The gentle rolling hills surrounding Florence may look utterly beautiful – but don’t try to garden them. Full of enthusiasm when we first arrived, we bought every plant we set eyes upon. Then practically everything died … daphne, roses, three wisteria and even an oleander. Too high at 550 metres, with hard packed hillside clay and stones, it is also ‘off the wall’ alkaline. Then there is the harsh month of August where the temperatures soar into the 40s and our entire house and garden are reliant on one temperamental borehole. So we’ve battled and battled.
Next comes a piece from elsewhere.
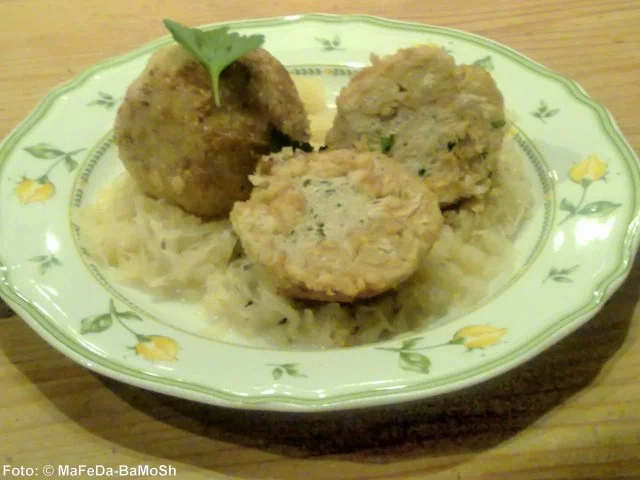 Wurstknödel auf Sauerkraut - Rezept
‘Look over your neighbour’s fence’ advised Liam’s mother, who at 90 was still an excellent botanist ‘What grows for them will grow for you.’ So I did. Over our stone wall towards Manuela and Pasquale’s grow broken tiles, rusty cars and washing. Then again over our fence towards Leila and old Enzo’s grow chickens and rabbits in hutches. In summer though, they put out bright red geraniums in terracotta pots. ‘OK,’ we said, ‘we’ll go simple.’

From the old stone house, on the right hand side of the path we planted lavender and a few hardy horizontal icebergs. The bank on the left hand side of the path we decided to keep even more simple. We planted it with the tough local cistus or ‘rock rose’ and in between the cistus we planted iris.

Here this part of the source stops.